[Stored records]
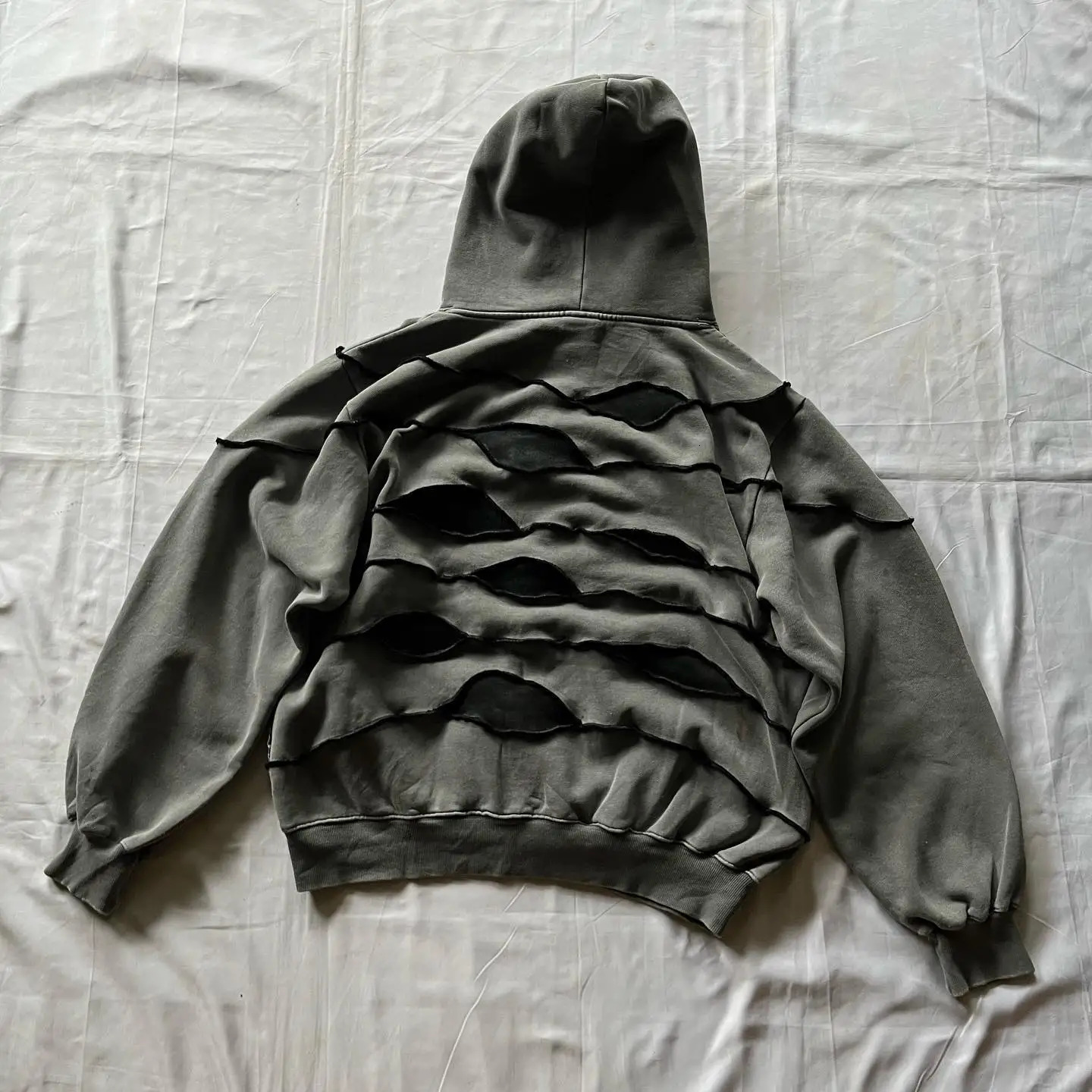 Y2K Hoodie Hip Hop Gothic Retro Eye Patchwork Gray Loose Pullover for Men and Women Fashion Harajuku Streetwear Casual Tops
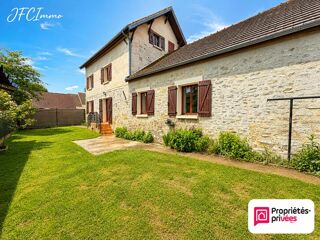  Immeuble à vendre 12 pièces 215 m²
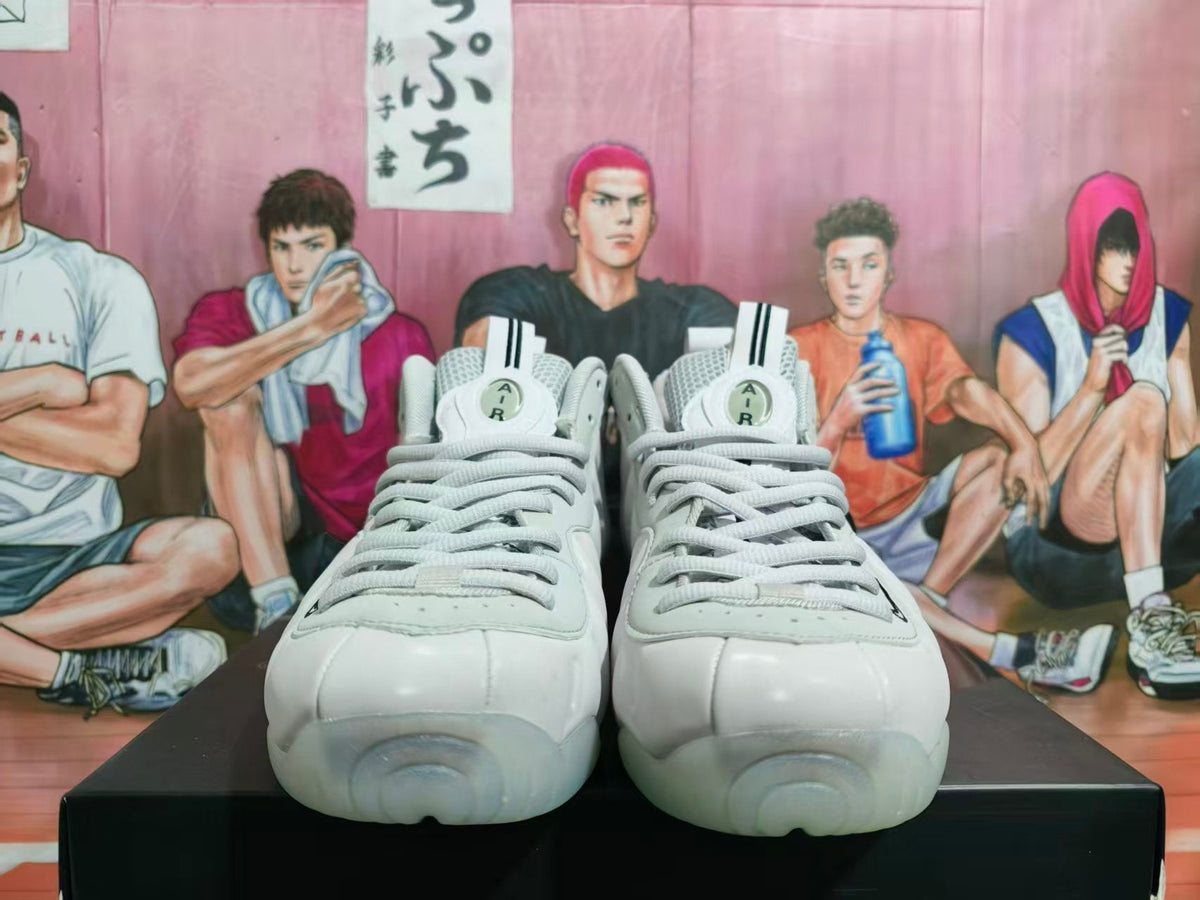 Nike Air Foamposite One White Basketball Sneakers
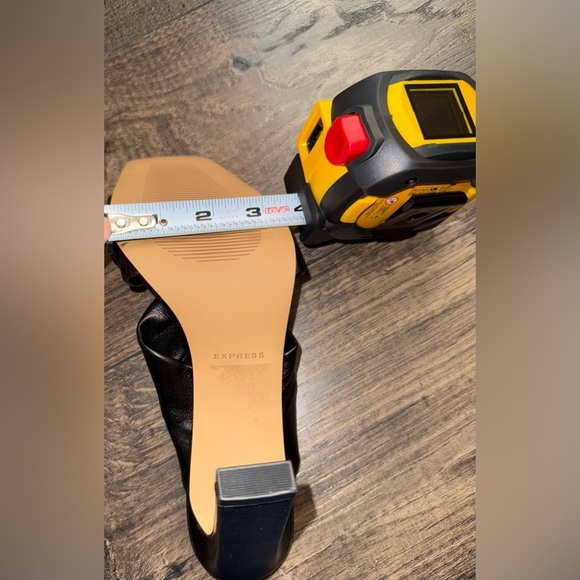 Express Women's Twisted Strap Black Slip On Open Toe Heels,Size 5? - Picture 5 of 6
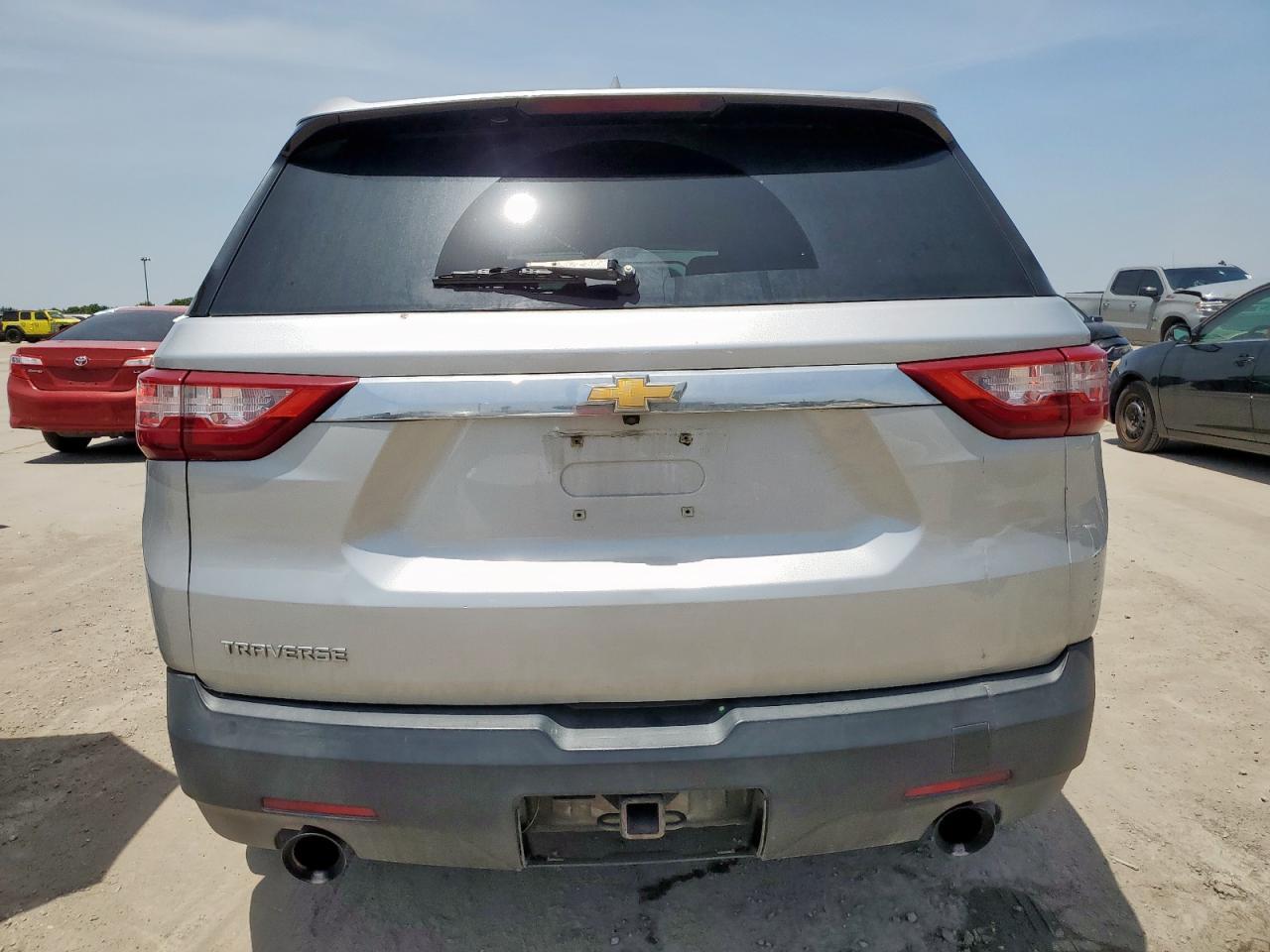 2018 Chevrolet Traverse Ls - Фото 6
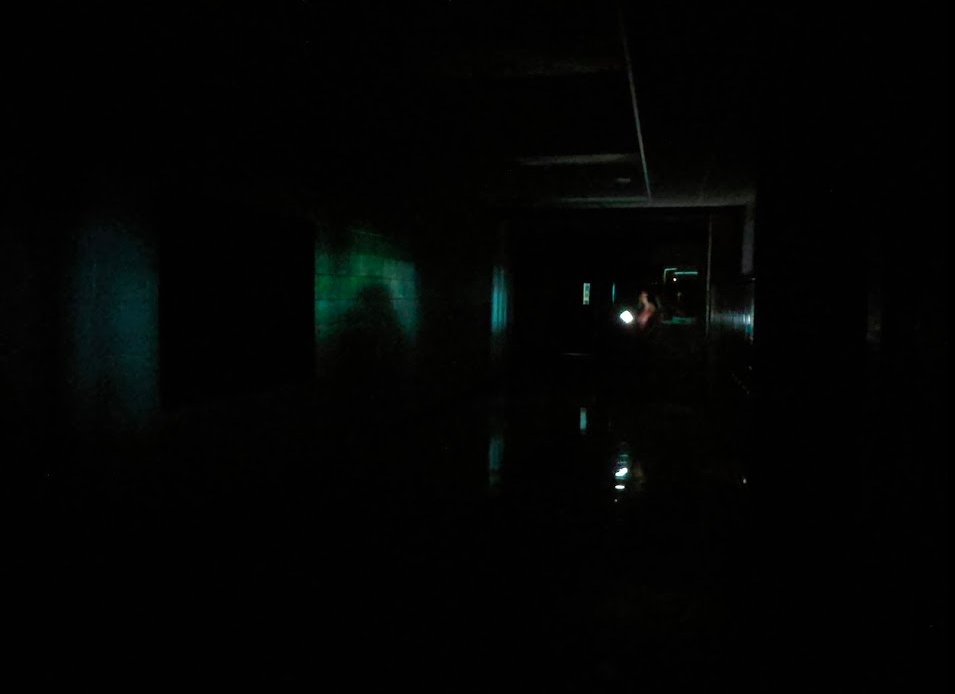 ELanghorst's tweet photo. Power out the last two hours of school today at Discovery #dmsleads #lpsleads #LifeInTheMiddle https://t.co/f4MwXXMnEu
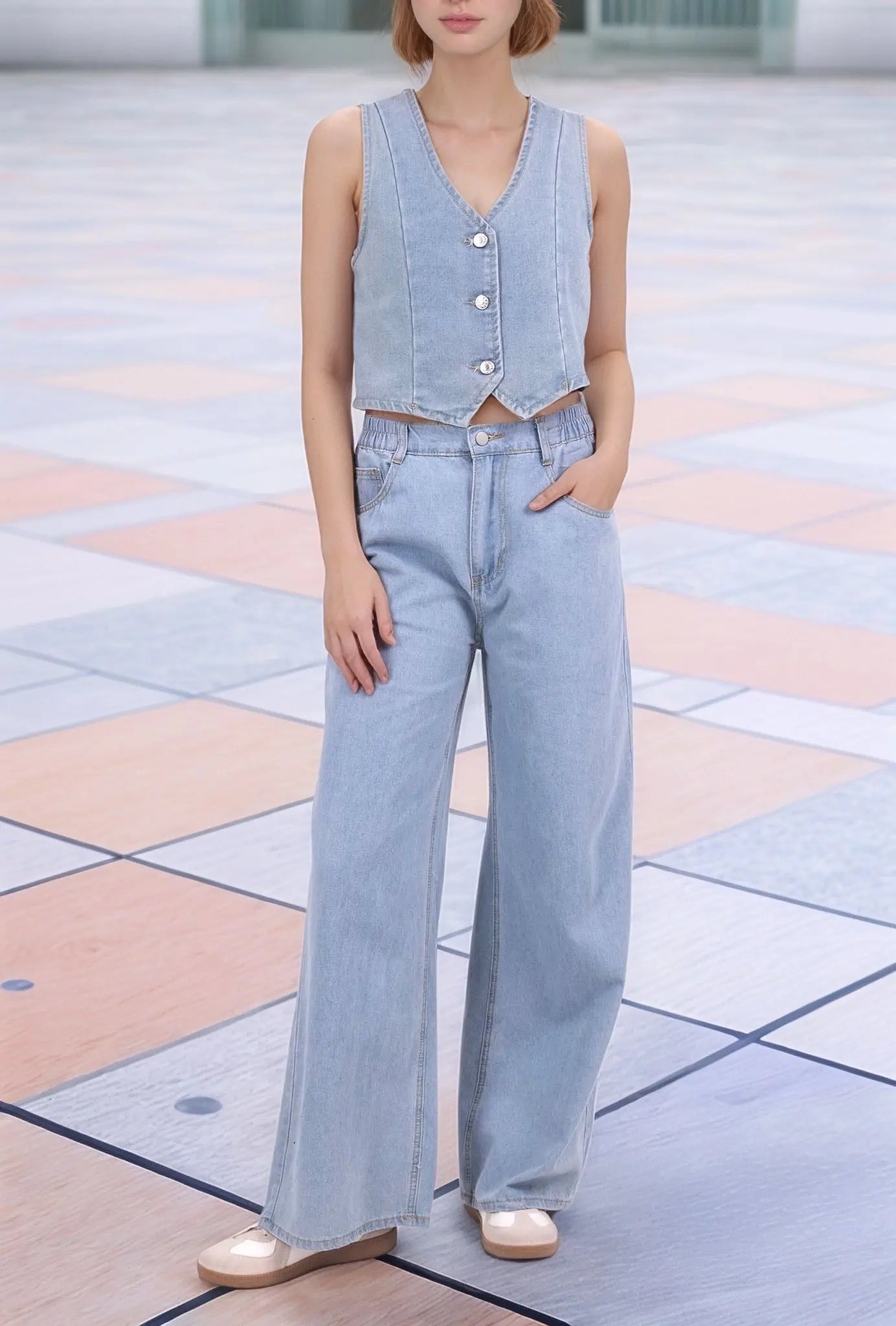 Wide-leg jeans with elastic waist and relaxed fit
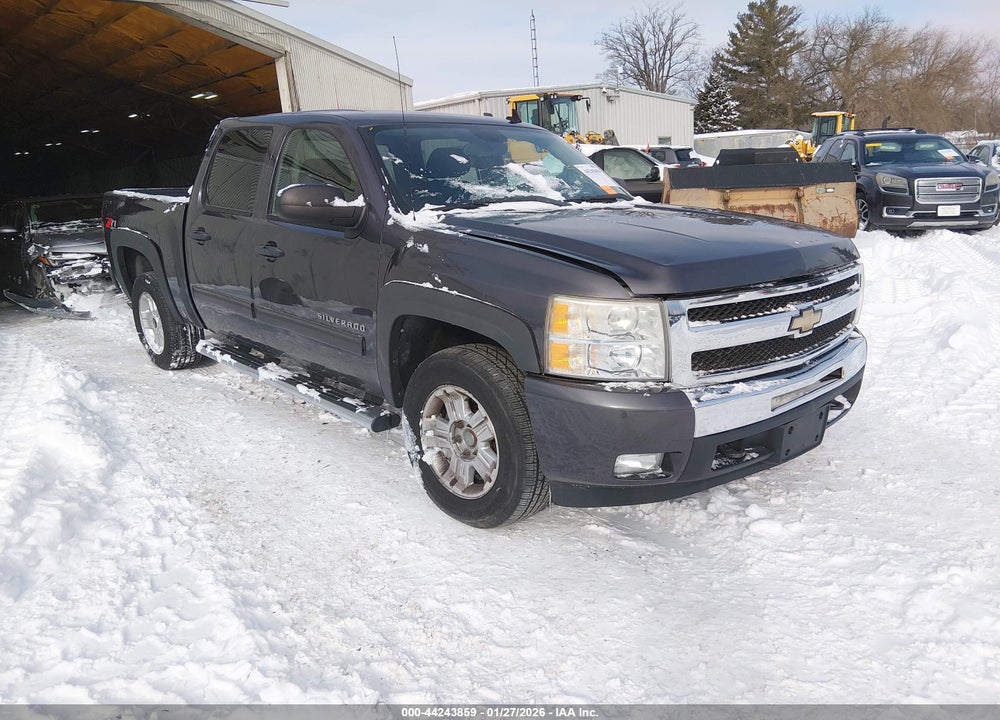 2011 CHEVROLET SILVERADO 1500 LT VIN: 3GCPKSE32BG268652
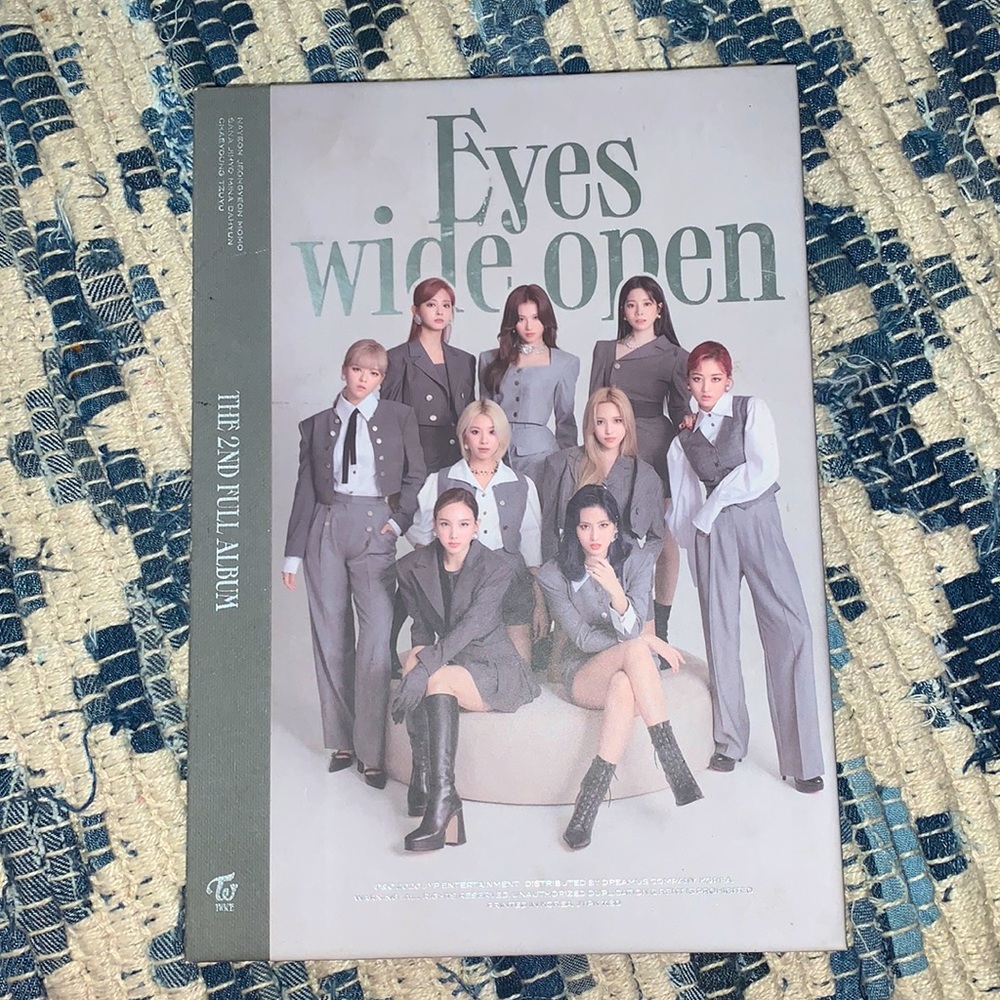 TWICE “Eyes Wide Open” 2nd Full Album + Photocard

- WHAT YOU WILL DO -
Beginning at the line that contains "Wide-leg jeans with", copy each remaining line of the records exactly, through the final one. Omit the pictures.

- RESPONSE BOX -
 Wide-leg jeans with elastic waist and relaxed fit
 2011 CHEVROLET SILVERADO 1500 LT VIN: 3GCPKSE32BG268652
 TWICE “Eyes Wide Open” 2nd Full Album + Photocard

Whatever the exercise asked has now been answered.